- **What you need to do**: Copy out the data word for word, without any of its pictures.

[Items from a data source]
□ □ □

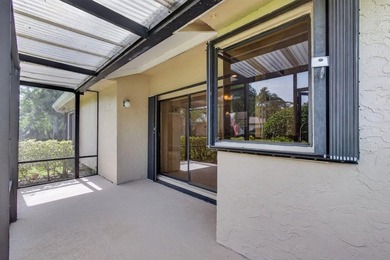 PRICED TO SELL!!! DON'T MISS THS OPPORTUNITY! This cozy, yet - photo 32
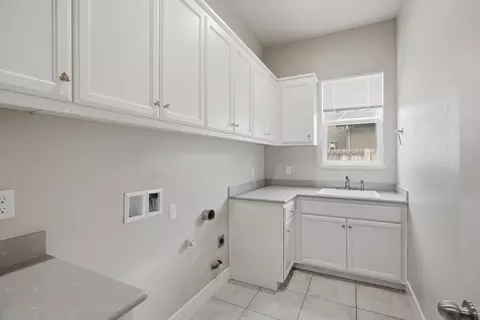 Other - 253 Manhattan St, Manteca, CA 95337 photo 4 of 11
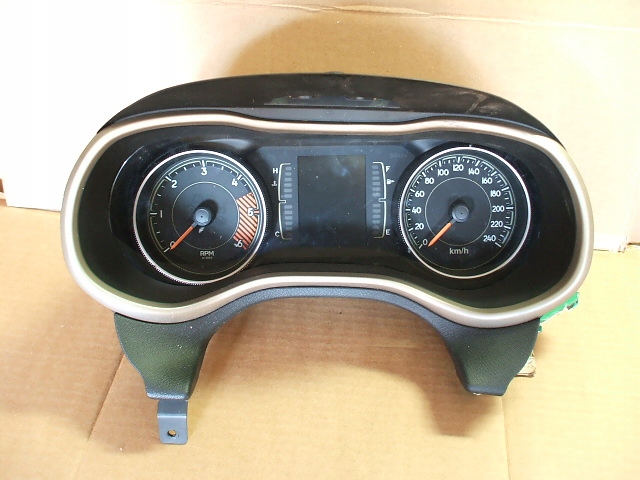 P68241302AC - JEEP CHEROKEE KL 2.0 D ЛІЧИЛЬНИК ГОДИННИК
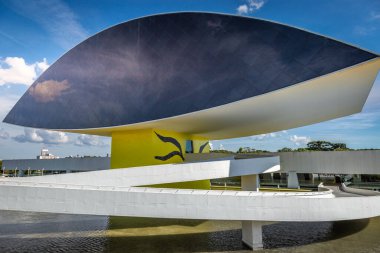 Curitiba, Brezilya, outubro 23, 2019, Fotoğraf Oscar Niemeyer Müzesi önünde çekildi, Curitiba şehrinde, Parana eyaletinin başkenti, Brezilya. Güneşli bir gündü..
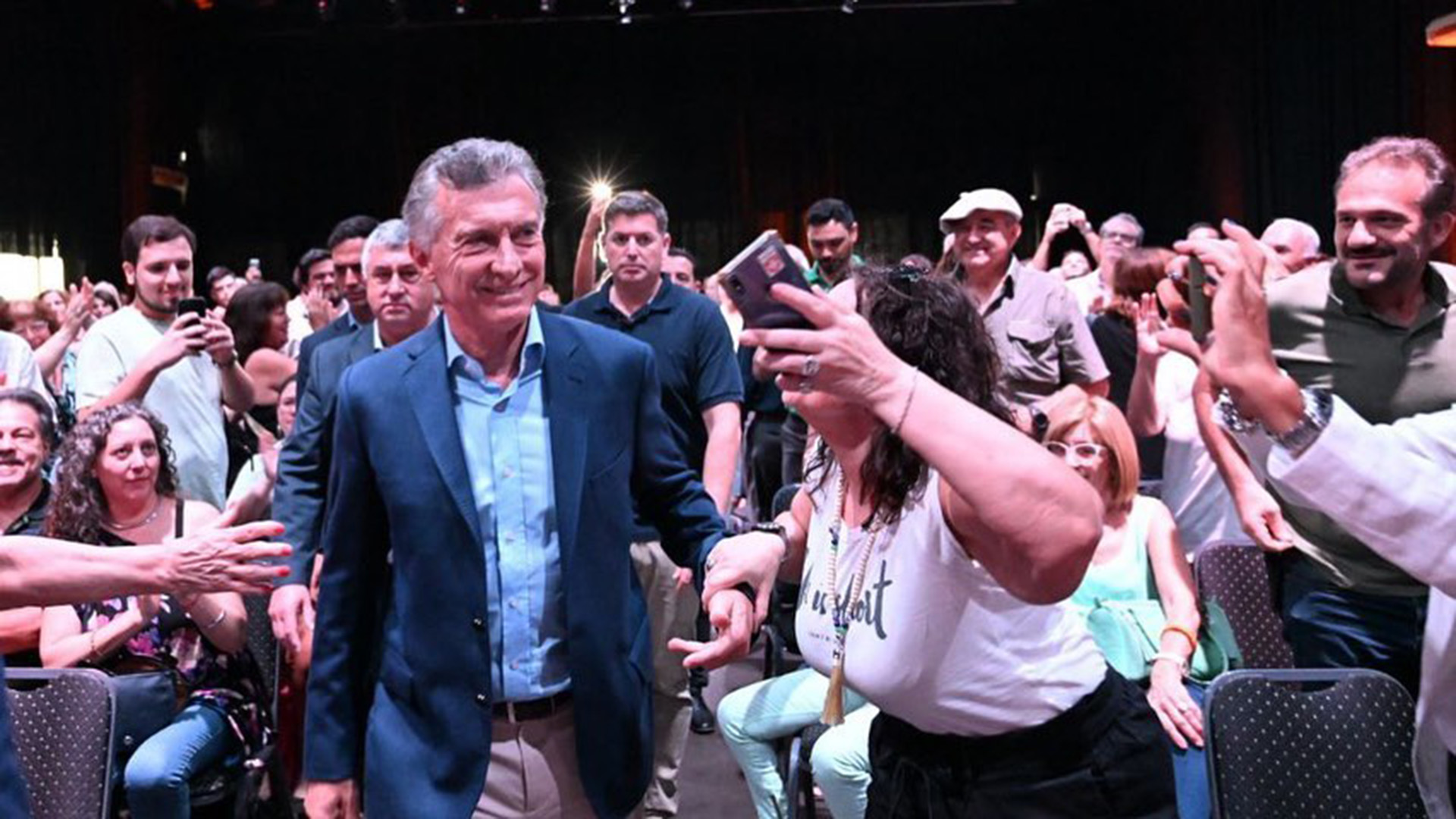 Mauricio Macri, recibido como una estrella de rock para presentar su libro en Rosario
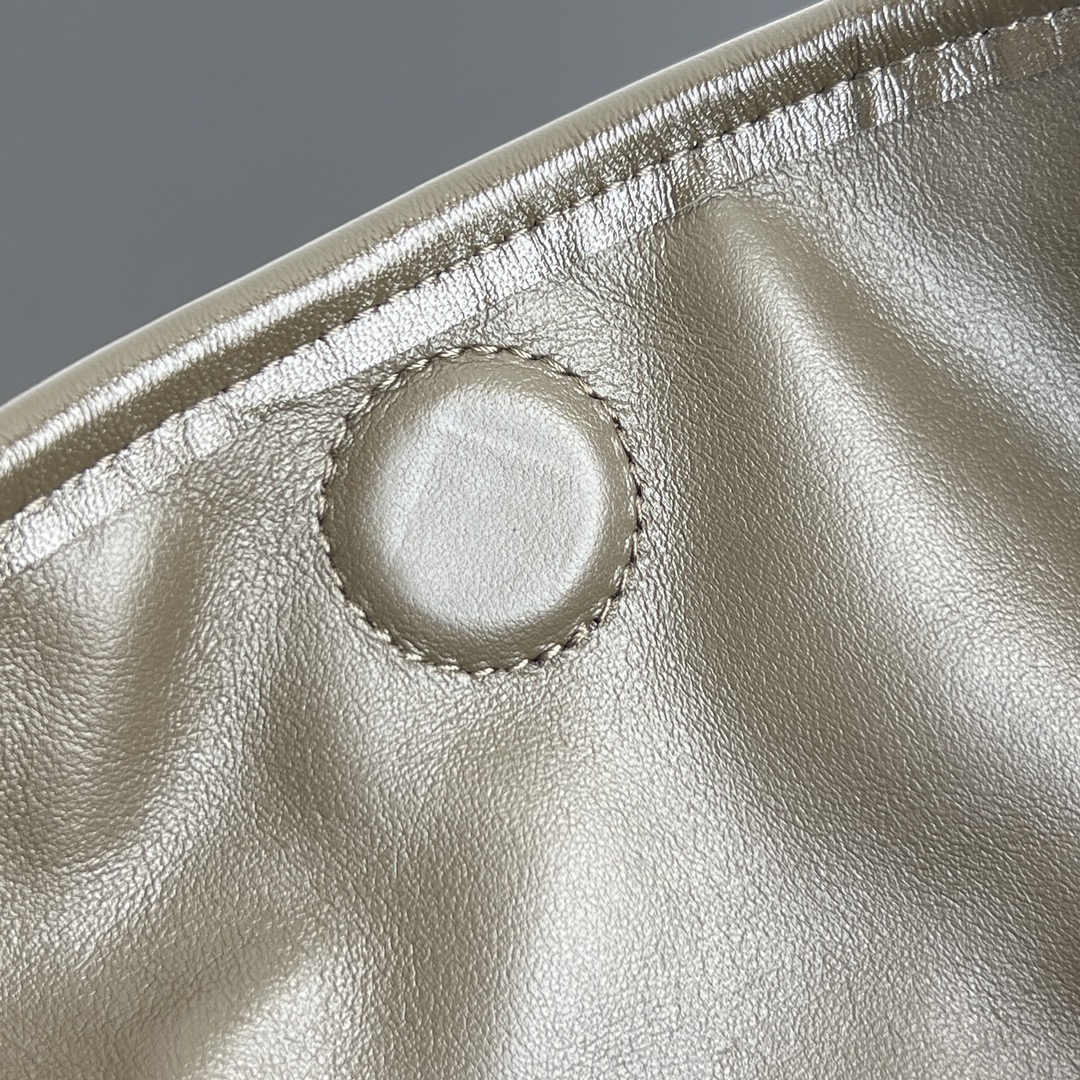 Bv New Large HOP Leather Bag (Model 763970)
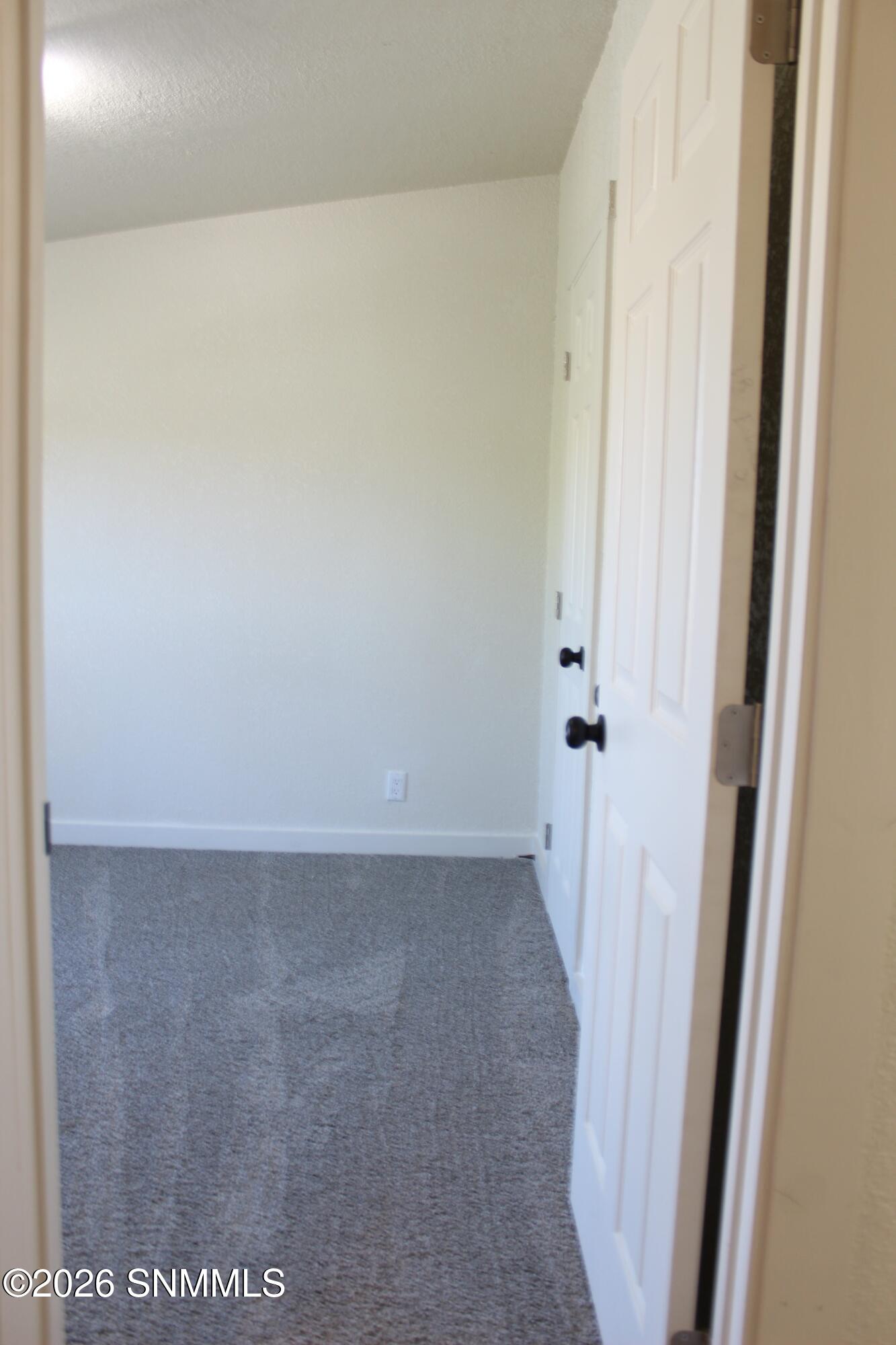 bedroom2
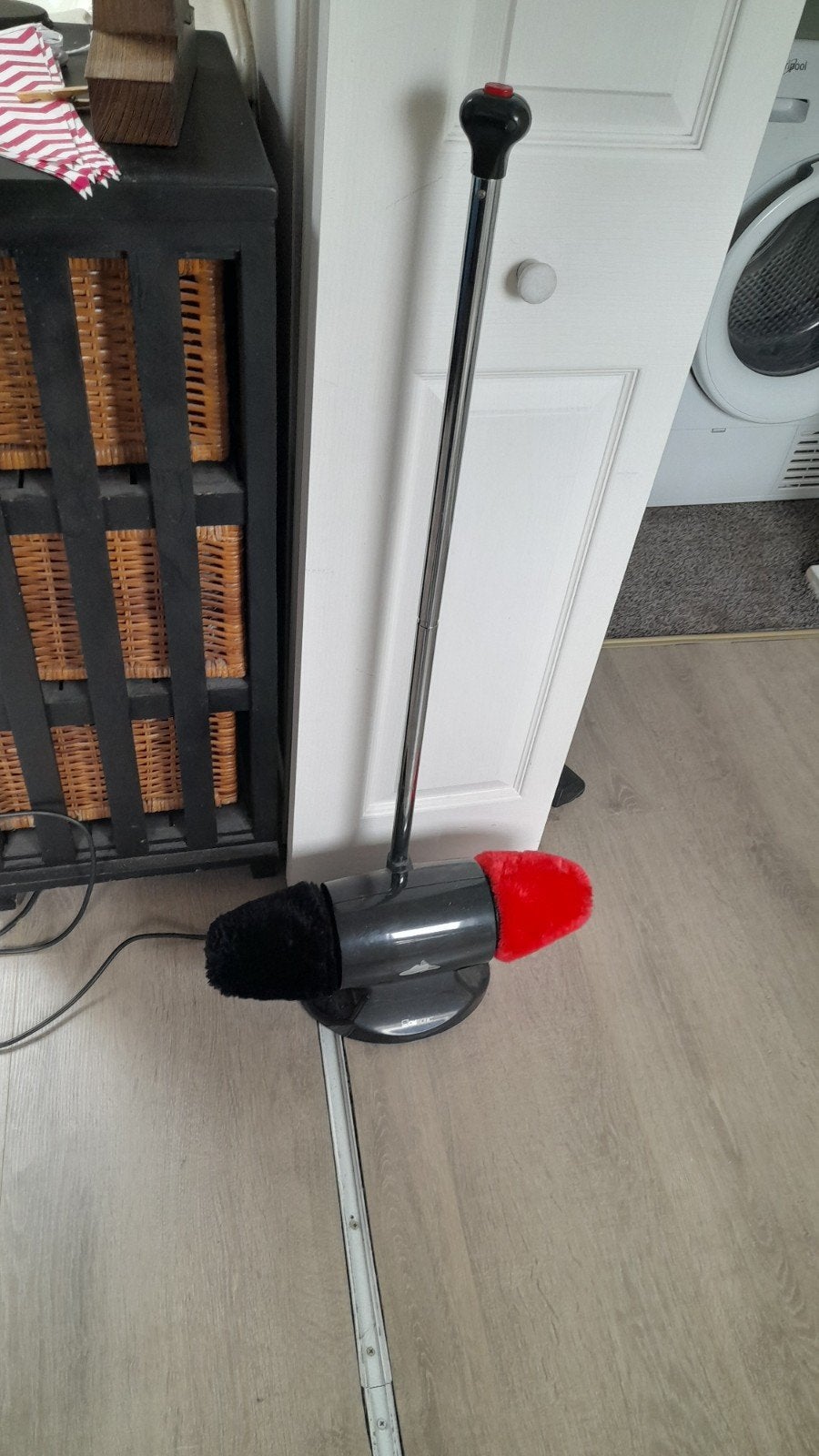 schoenenpoetsmachine, Ophalen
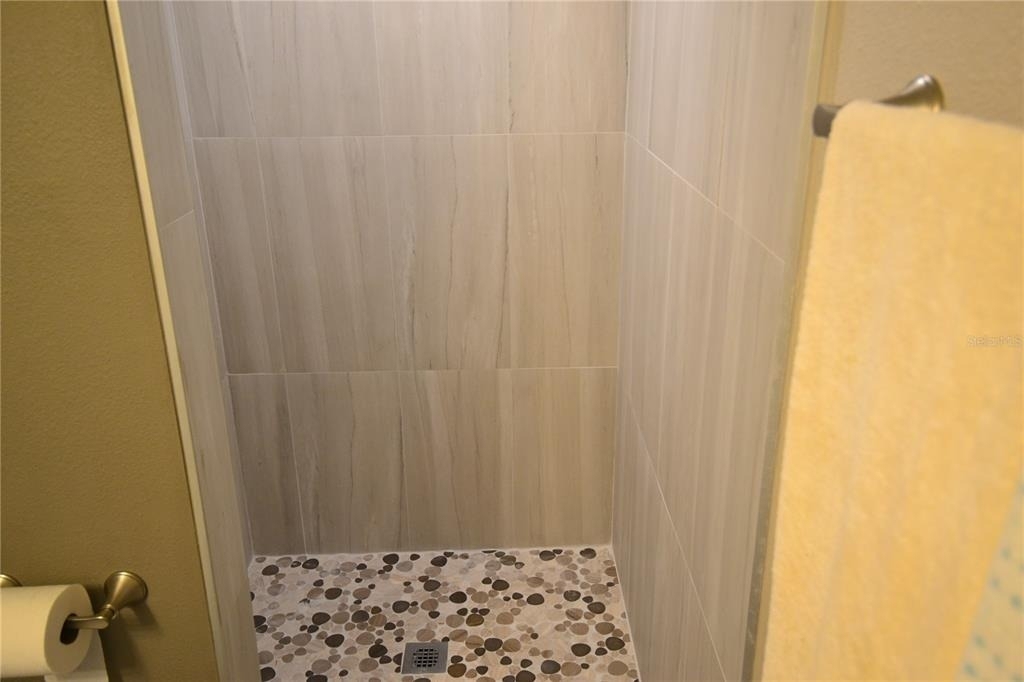 135 W Cypress Court - Photo 10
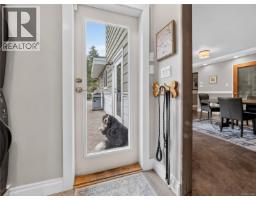 5209 Old West Saanich Rd, Saanich, BC V8X3X1 Photo 39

□ □ □

- **Output of the exercise**:
 PRICED TO SELL!!! DON'T MISS THS OPPORTUNITY! This cozy, yet - photo 32
 Other - 253 Manhattan St, Manteca, CA 95337 photo 4 of 11
 P68241302AC - JEEP CHEROKEE KL 2.0 D ЛІЧИЛЬНИК ГОДИННИК
 Curitiba, Brezilya, outubro 23, 2019, Fotoğraf Oscar Niemeyer Müzesi önünde çekildi, Curitiba şehrinde, Parana eyaletinin başkenti, Brezilya. Güneşli bir gündü..
 Mauricio Macri, recibido como una estrella de rock para presentar su libro en Rosario
 Bv New Large HOP Leather Bag (Model 763970)
 bedroom2
 schoenenpoetsmachine, Ophalen
 135 W Cypress Court - Photo 10
 5209 Old West Saanich Rd, Saanich, BC V8X3X1 Photo 39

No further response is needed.